Creed's installation does exactly what is says. Every five seconds the lights go on and off in the biggest and emptiest room of this year's show at Tate Britain.
It took less than five minutes for the first visitor to crack, although it was unclear whether it was the flashing lights or the explanation from the Tate's wonderfully titled curator of communications, Simon Wilson (recently promoted from curator of interpretation), which was the greater torture.
As Wilson gallantly outlined what Creed's installation might signify - the poignance of the dying halogen glow and "the movement towards the dematerialisation of art since the sixties" - there was a barely suppressed roar of rage. A slightly dishevelled man in a leather jacket, shaking with anger, interrupted to ask, "So this is art, is it?"
Wilson said that Creed and the Turner jury, who will decide the £20,000 prize next month, certainly thought so.
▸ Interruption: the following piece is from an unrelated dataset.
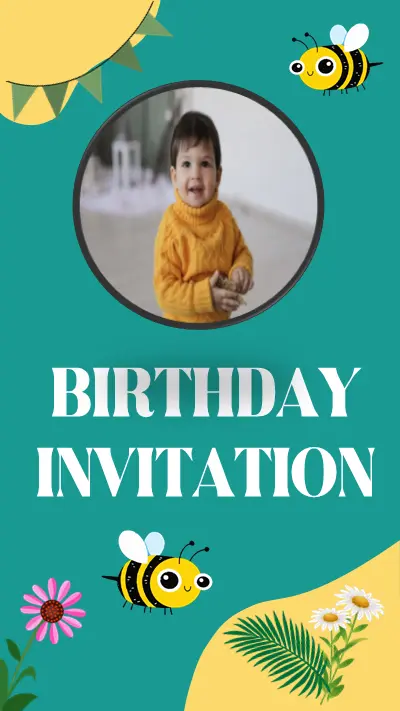 Green Theme Bee Birthday Invite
"What, a light going on and off. Really!" he raged, before storming out in the direction of the Victorian Nude, the gallery's new blockbuster show.
As the usually reverential group of invited journalists and art world luminaries grew restive, a representative of the Art Fund, which rescues British masterpieces from the clutches of foreign collectors, was asked whether she might countenance saving Creed's light-switch for the nation. She wisely demurred.
There was also much muttering about whether Creed, 33, had simply recycled a five-year-old piece and why the electrician who had made it had seemingly not been credited.
Wilson had only just recovered to say how Creed's extreme minimalism was born of his wish not to fill the world with "any more clutter" when he was clobbered by another heckler. He had begun to confess how Mike Nelson's labyrinth of rooms entitled The Cosmic Legend of the Uroboros Serpent reminded him of the Tate's own storerooms when the painter Edna Weiss piped up from the back with a fresh attack.
"I thought they were the Tate's storerooms," she said. "But you tell me now they are a work of art. How could that be? So are the Tate's storerooms also a work of art then?"
Weiss had previously clashed conceptual swords with Wilson when she nominated Alberto D'Auria's ice-cream van which usually pitches up outside Tate Britain for the Turner prize.
Weiss may not have thought much of them, but Nelson's dusty corridors, windowless rooms and cubby holes haunted by their missing inhabitants - where even years of accumulated grime had been worked on to desks and doors - was the surprise crowd-pleaser, with few able to resist a broad smile.
There was a similarly warm reception for photographer Richard Billingham's two video pieces, Tony Smoking Backwards and Ray in Bed, the most moving of which showed his alcoholic father, Ray, stretched out under a flowery duvet.
The early critical favourite, however, is Isaac Julien's two films, one a collaboration with the choregrapher Javier de Frutos, which almost landed him in the courts when the two partners fought over the correct form of credit.
The prize will be presented live on Channel 4 by Madonna on December 9.